• WORK REQUIRED
Find "ДТЛ с хроническим" in the material, then return exactly the line containing it and all lines after it to the end, leaving out pictures.

• AVAILABLE DATA
• • • • • • •

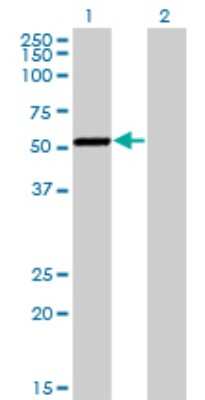 Western Blot: CaMKI gamma Antibody (3E2) [H00057172-M01]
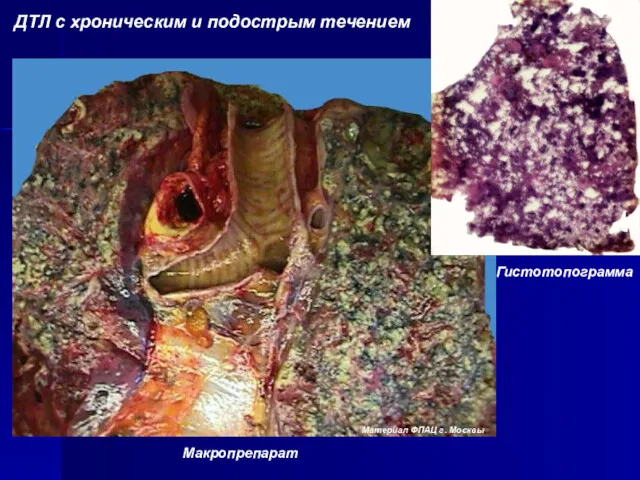 ДТЛ с хроническим и подострым течением Макропрепарат Гистотопограмма Материал ФПАЦ г. Москвы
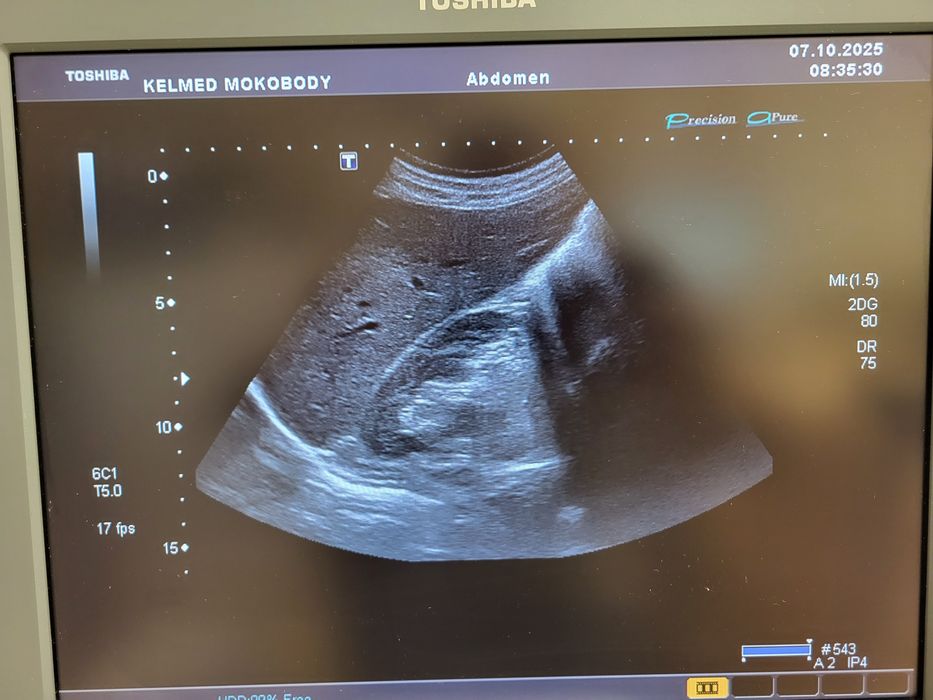 Ultrasonograf aparat USG Toshiba Xario 660a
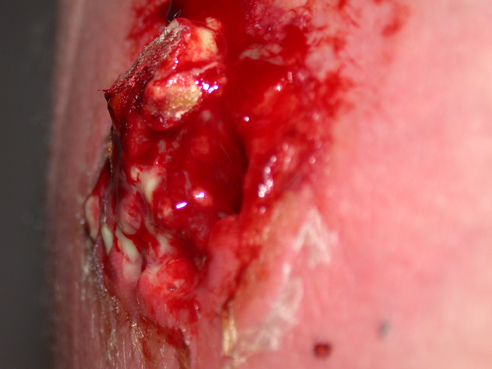 images_my_ideas_21/21_WC_Jbtank_Mrsa_cyst_exploded.jpg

• • • • • • •

• REPLY TO THE EXERCISE
 ДТЛ с хроническим и подострым течением Макропрепарат Гистотопограмма Материал ФПАЦ г. Москвы
 Ultrasonograf aparat USG Toshiba Xario 660a
 images_my_ideas_21/21_WC_Jbtank_Mrsa_cyst_exploded.jpg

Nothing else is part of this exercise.